Retype each entry. Leave nothing out.

[[ Supplied material, beginning ]]

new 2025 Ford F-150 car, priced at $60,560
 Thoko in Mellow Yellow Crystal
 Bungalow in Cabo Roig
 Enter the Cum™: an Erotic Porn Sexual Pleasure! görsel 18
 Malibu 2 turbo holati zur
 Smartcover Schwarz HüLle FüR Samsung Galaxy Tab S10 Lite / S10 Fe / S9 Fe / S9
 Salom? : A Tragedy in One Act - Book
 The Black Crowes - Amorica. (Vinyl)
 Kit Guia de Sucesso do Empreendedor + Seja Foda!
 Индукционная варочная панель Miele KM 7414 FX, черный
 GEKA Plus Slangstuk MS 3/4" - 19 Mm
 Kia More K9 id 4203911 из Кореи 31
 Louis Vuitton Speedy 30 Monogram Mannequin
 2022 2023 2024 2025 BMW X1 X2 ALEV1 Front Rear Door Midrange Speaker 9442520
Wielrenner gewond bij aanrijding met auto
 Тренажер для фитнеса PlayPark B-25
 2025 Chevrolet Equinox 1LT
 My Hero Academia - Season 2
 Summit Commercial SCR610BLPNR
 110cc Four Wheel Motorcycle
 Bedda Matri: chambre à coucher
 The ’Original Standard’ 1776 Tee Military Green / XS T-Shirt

[[ Supplied material, end ]]

### [Answer to the problem]
new 2025 Ford F-150 car, priced at $60,560
 Thoko in Mellow Yellow Crystal
 Bungalow in Cabo Roig
 Enter the Cum™: an Erotic Porn Sexual Pleasure! görsel 18
 Malibu 2 turbo holati zur
 Smartcover Schwarz HüLle FüR Samsung Galaxy Tab S10 Lite / S10 Fe / S9 Fe / S9
 Salom? : A Tragedy in One Act - Book
 The Black Crowes - Amorica. (Vinyl)
 Kit Guia de Sucesso do Empreendedor + Seja Foda!
 Индукционная варочная панель Miele KM 7414 FX, черный
 GEKA Plus Slangstuk MS 3/4" - 19 Mm
 Kia More K9 id 4203911 из Кореи 31
 Louis Vuitton Speedy 30 Monogram Mannequin
 2022 2023 2024 2025 BMW X1 X2 ALEV1 Front Rear Door Midrange Speaker 9442520
Wielrenner gewond bij aanrijding met auto
 Тренажер для фитнеса PlayPark B-25
 2025 Chevrolet Equinox 1LT
 My Hero Academia - Season 2
 Summit Commercial SCR610BLPNR
 110cc Four Wheel Motorcycle
 Bedda Matri: chambre à coucher
 The ’Original Standard’ 1776 Tee Military Green / XS T-Shirt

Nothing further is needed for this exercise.